Typically, an operating expenditure will have more success for most corporations, schools, and even government entities.

Making Your Money Work for You When Technology Changes and Improves Every Day

The truth is that all technology is quickly becoming obsolete. This is generally true of every piece of technology that affects our lives. Why? Because technology is constantly improving at a rate so fast that the modern technology of today may be as good as obsolete in only a few years’ time.

For example, a study found that a ninety-eight-inch LED display depreciates significantly over a three-year time period. At the end of that time, the device will have likely depreciated by ninety-six percent.  This is a staggering statistic that indicates that at the end of three years, that display will only have retained four percent of its initial value, a whopping four hundred dollars.

All this to say that for a client today wanting modern technology, it simply makes more sense to use audio visual as a service so that in a few years’ time, they can reevaluate the tools they are using and potentially do a reasonable upgrade for about the same monthly payment as before.

The Benefits of Audio Visual as a Service

Audio Visual as a Service, more commonly referred to as AVaaS, has been around for a little while but is becoming somewhat of a new trend. Its popularity is due in large part to the fact that it allows a company to get the total tech solution they are hoping for and to pay for it gradually over time.

Some of the primary benefits of using Audio Visual as a Service are:

  • Establishes better use of cash flow.
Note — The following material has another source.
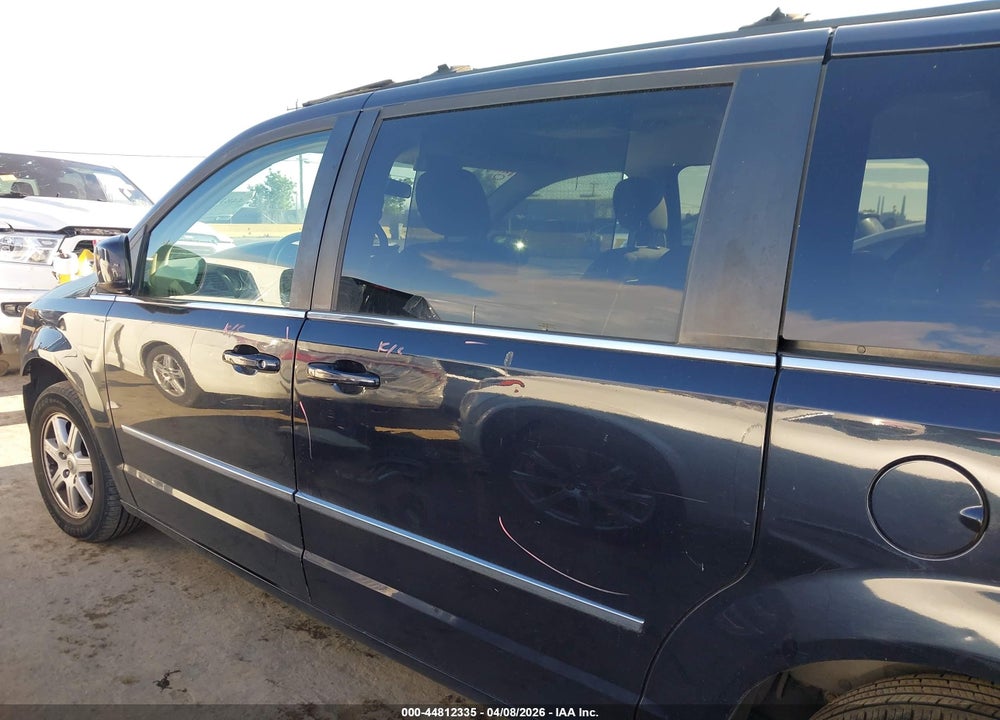 2010 CHRYSLER TOWN & COUNTRY TOURING VIN: 2A4RR5D17AR148953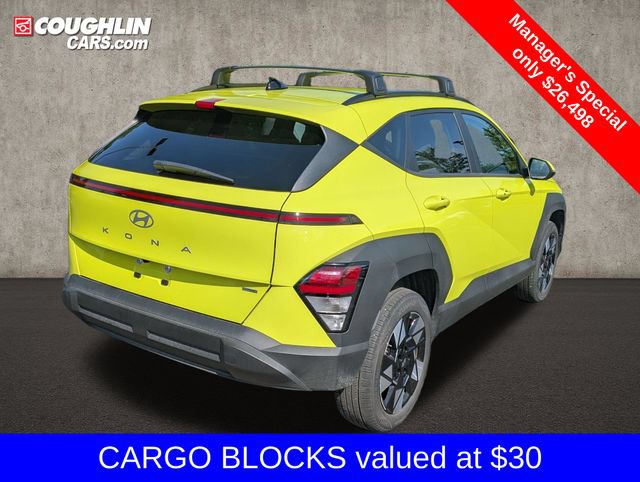 Certified 2025 Hyundai Kona SEL AWD/4WD image 7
In other words, by doing this as an operating expense, it can save the client from spending a large amount of cash up-front. Instead, the client can hang onto their cash and invest in something else that could earn a significant return for their business because it is not recommended to fully invest in a rapidly depreciating asset with a capital expenditure. It is unnecessary to own the technology. Over a period of three years a client can use the technology and at the end choose to refresh it, potentially keeping it close to the same monthly payment they were already paying. Using AVaaS can keep a company from depleting their cash and therefore allow them to have more on hand for other unexpected expenses.
  • Preserves credit better. Most businesses do have a credit line so that if there is a purchase they need cash for, they can use it. However, this may not be the best way to finance a purchase if it can be avoided. AVaaS allows a client to preserve their credit while still letting the client access technology on an affordable monthly basis.
  • Manages risk more efficiently. One of the best ways to invest in technology is to pay for equipment as you are simultaneously generating a profit. This provides a more balanced return than paying with a huge lump sum of cash up front and not getting as good of a return in the future.
  • Streamlines budgeting. Corporate financial officers and departments like stable budgets and predictable spending because it reduces risk. By using AVaaS, it can help create a stable IT budget with predictable monthly spending over three years. And because it involves less risk, the operating expenditure usually presents less red tape to work through for approval.
  • Helps combat inflation. Today the world is seeing a period of high inflation in which many items are experiencing a huge price increase. The Consumer Price Index is higher than it has been in almost three decades, and it is affecting everyone’s pocketbooks. With no sign of inflation letting up in the foreseeable future, AVaaS can allow clients a hedge against inflation with predictable monthly payments.

It is possible to have technology and it be affordable in the same way it is for you have your cake and eat it too. Plan ahead, be smart and make your investment work for you.